L’aggressore finisce sotto processo: la vittima, una teatina di 19 anni, lo ha riconosciuto in aula senza ombra di dubbio
CHIETI. L’ha avvicinata con la scusa di offrirle qualcosa da bere, poi ha iniziato ad abbracciarla fino a palpeggiarle il seno. Per quell’aggressione a sfondo sessuale avvenuta in pieno giorno, nel cuore del centro storico di Chieti, all’incrocio tra via de Lollis e piazza Malta, è finito sotto processo Lucky Oveibo, nigeriano di 27 anni residente in città. Il giudice Luca De Ninis, su richiesta del sostituto procuratore Marika Ponziani, lo ha rinviato a giudizio con l’accusa di violenza sessuale nei confronti di una studentessa teatina di 19 anni. Per arrivare all’identificazione dell’imputato sono state decisive le indagini dei carabinieri della stazione di Chieti principale, al comando del luogotenente Michelangelo Donvito.

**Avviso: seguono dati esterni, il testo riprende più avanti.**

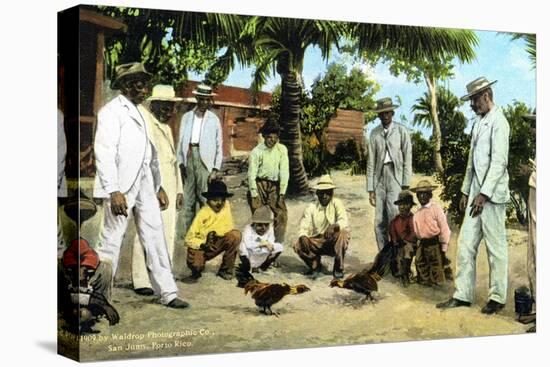 A Cock Fight, Puerto Rico, 1909-null-Premier Image Canvas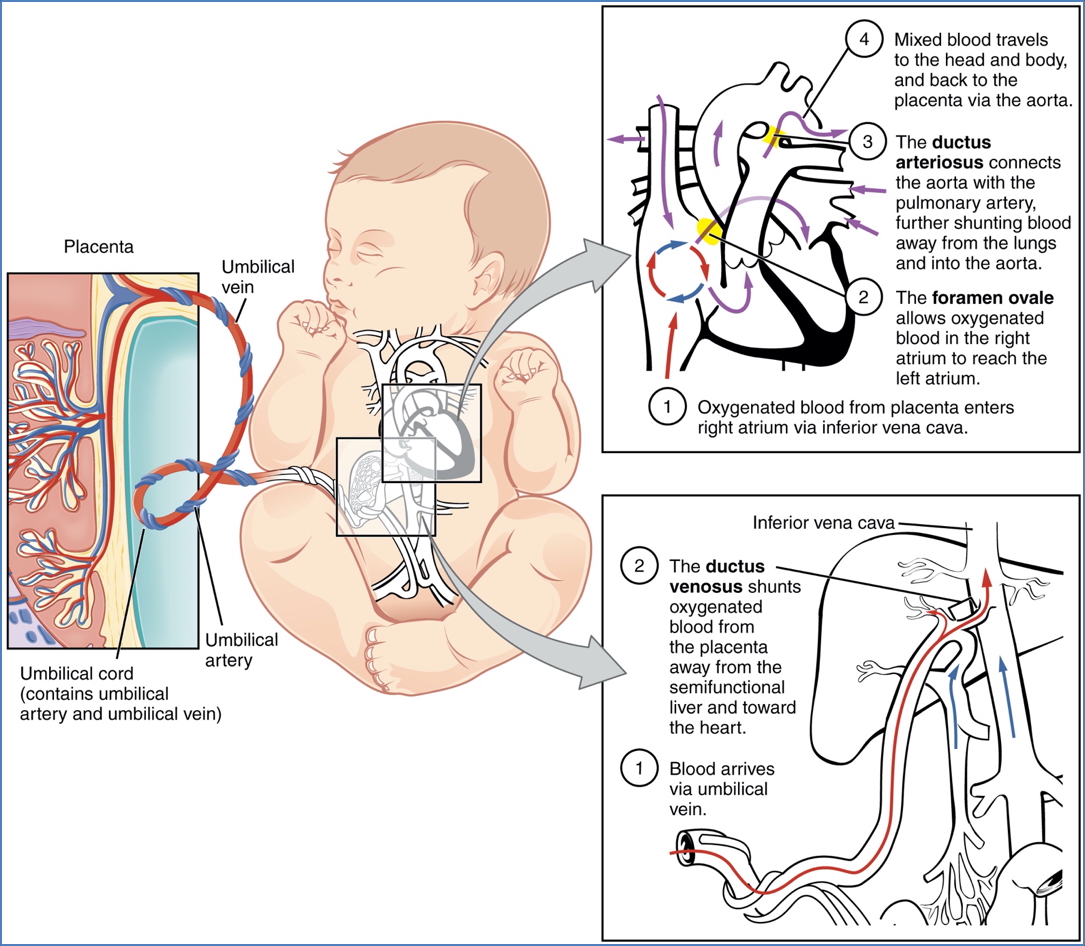 Embryonic Development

La ragazza, alle 15.30 del 28 febbraio di un anno fa, stava passeggiando in centro quando è stata avvicinata da un ragazzo che mai aveva visto prima. In base alla denuncia, è successo tutto nel giro di pochi secondi. Lo sconosciuto le ha proposto di andare al bar insieme, ma la studentessa ha rifiutato l’invito. Non contento, le ha chiesto se fosse interessata ad avere un rapporto sessuale. Anche in questo caso la giovane ha risposto con un fermo diniego. Ma non è bastato: il 27enne, fingendo di perdere all’improvviso l’equilibrio, l’ha abbracciata e palpeggiata. La studentessa è riuscita a divincolarsi e a fuggire, mentre il maniaco si è allontanato in direzione di corso Marrucino. La 19enne ha chiesto aiuto nella vicina caserma dei carabinieri. Gli accertamenti dell’Arma sono scattati immediatamente. Il mattino successivo, Oveibo è stato bloccato dai militari sempre in piazza Malta: indossava gli stessi vestiti del giorno precedente, compreso un vistoso cappello con visiera di colore blu.
Il resto è storia recente. Lo scorso gennaio, la vittima ha riconosciuto in aula il nigeriano «senza ombra di dubbio». E ieri mattina il giudice ha deciso di mandarlo a processo: la prima udienza è in programma il 2 novembre. L’imputato è difeso dall’avvocato Donato Carinci.